Boundary and region interpretation

• Boundary style, inequality direction, and overlap logic must be read together to avoid category errors. Solid versus dashed answers inclusion, while above/below or left/right answers direction. The final region is determined by intersection, not by any single line in isolation.

Quick comparison table

• | Feature | $\le, \ge$ | $<, >$ | | --- | --- | --- | | Boundary type | Solid line | Dashed line | | Boundary points allowed? | Yes | No | | Typical wording | At most / at least | Strictly less / strictly greater |

• | Variable form | Direction cue | | --- | --- | | $y \le f(x)$ or $y < f(x)$ | Shade below line | | $y \ge f(x)$ or $y > f(x)$ | Shade above line | | $x \le a$ or $x < a$ | Shade left of vertical line | | $x \ge a$ or $x > a$ | Shade right of vertical line |

Feasible region versus objective optimization

• Finding a feasible region answers which points satisfy constraints, while optimization asks which feasible point maximizes or minimizes a linear expression. These are related but distinct tasks, and mixing them causes incomplete solutions. First build the correct region, then evaluate objective values at its vertices.
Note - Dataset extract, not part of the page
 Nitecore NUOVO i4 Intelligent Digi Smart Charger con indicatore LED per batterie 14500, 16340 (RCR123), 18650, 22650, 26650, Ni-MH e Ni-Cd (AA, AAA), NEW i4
High-yield workflow under time pressure

• Draw all boundaries first, then choose sides, then finalize overlap to keep your reasoning auditable. Writing each line equation beside its graph reduces transcription mistakes in multi-constraint questions. Labeling the feasible region clearly helps secure method marks even if arithmetic later slips.

Reliable checking routine

• Use one test point per uncertain boundary and record true/false quickly to justify side choice. Also check whether each boundary should be solid or dashed before shading, because this is a frequent mark-loss point. A final scan should confirm that every point in your shaded region satisfies all inequalities logically.
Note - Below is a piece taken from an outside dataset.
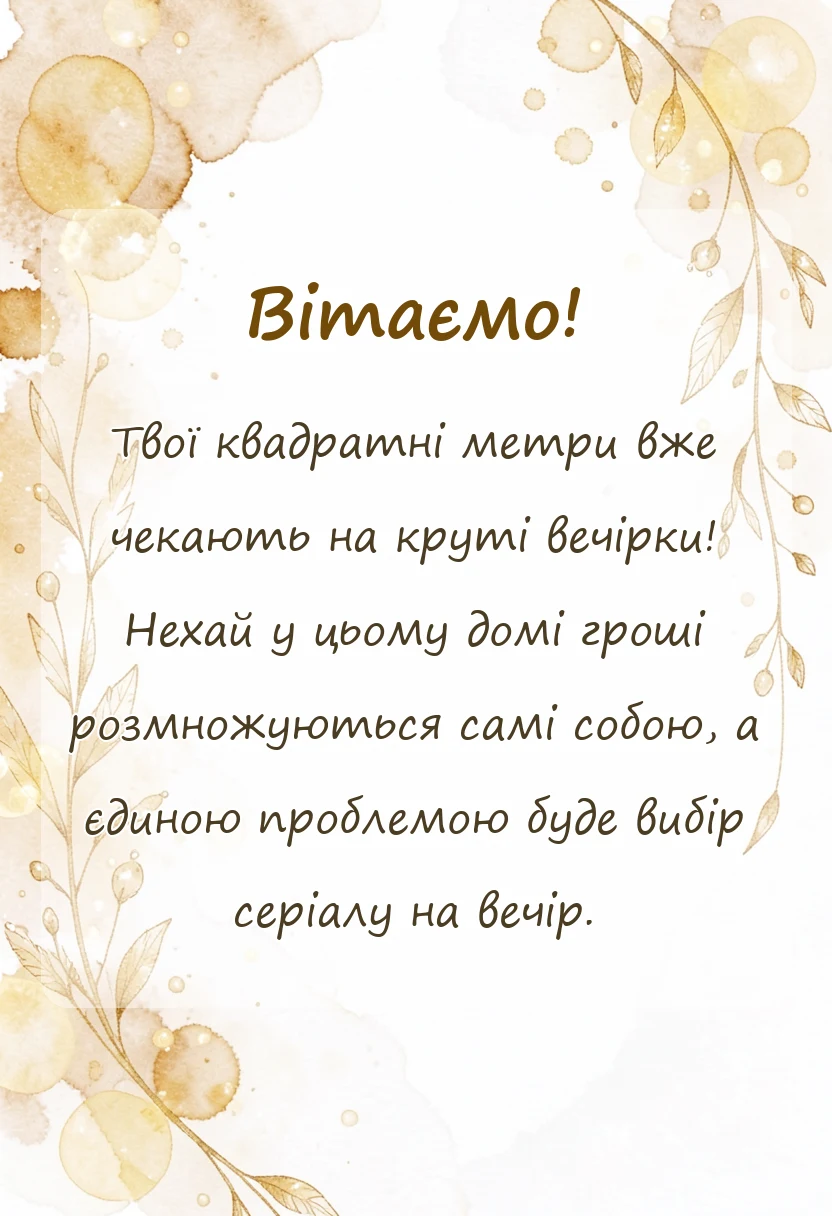 унікальна листівка - поздоровлення з новосіллям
Optimization-specific exam habits

• For linear objectives on a feasible polygon, test vertices only unless the region is unbounded or additional conditions apply. Compute objective values systematically in a small table to avoid omission. If integer constraints are stated, verify candidate points satisfy integrality after identifying the continuous optimum.

Typical graphing mistakes

• Using a solid line for a strict inequality (or dashed for inclusive inequality) changes the solution set at the boundary and can invalidate the final answer. Another common error is shading both sides of a line before deciding with a test point, which obscures logic. Clean, constraint-by-constraint marking prevents this.
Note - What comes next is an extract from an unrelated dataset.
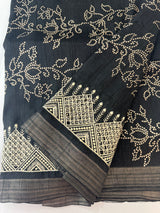 Blended Bandhani tussar silk saree with cutwork MTBF313 Black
Logical mistakes in systems

• Treating a system as OR instead of AND leads to a union-like region when the task requires intersection. Students may also keep only one correctly shaded side and forget to enforce all constraints simultaneously. Always ask: does a point in my final region satisfy every inequality?

Algebra-to-graph translation errors

• Rearranging incorrectly before plotting can reverse slope or intercept and shift the boundary. Confusing $x$-inequalities with $y$-inequalities also causes wrong side selection (left/right versus above/below). When uncertain, plot two points on the boundary line and then test a third point off the line.

Link to coordinate geometry

• Graphs of inequalities build directly on line equations, slope, intercept, and point substitution. Mastery here strengthens understanding of parallel constraints, intersection points, and region geometry. These ideas also support proof-style reasoning about feasible sets.

Link to linear programming

• Constraint graphs are the geometric core of linear programming in economics, engineering, and operations planning. The feasible region models what is allowed, while the objective function models what is desirable. This framework generalizes from school-level graphing to real optimization systems.

Link to set language and logic

• Inequality regions can be expressed as sets and combined with intersection symbols, making the algebra-geometry-logic connection explicit. This helps students move between symbolic and visual reasoning without losing meaning. It also prepares for higher-dimensional constraint systems where visualization becomes partial but logic remains identical.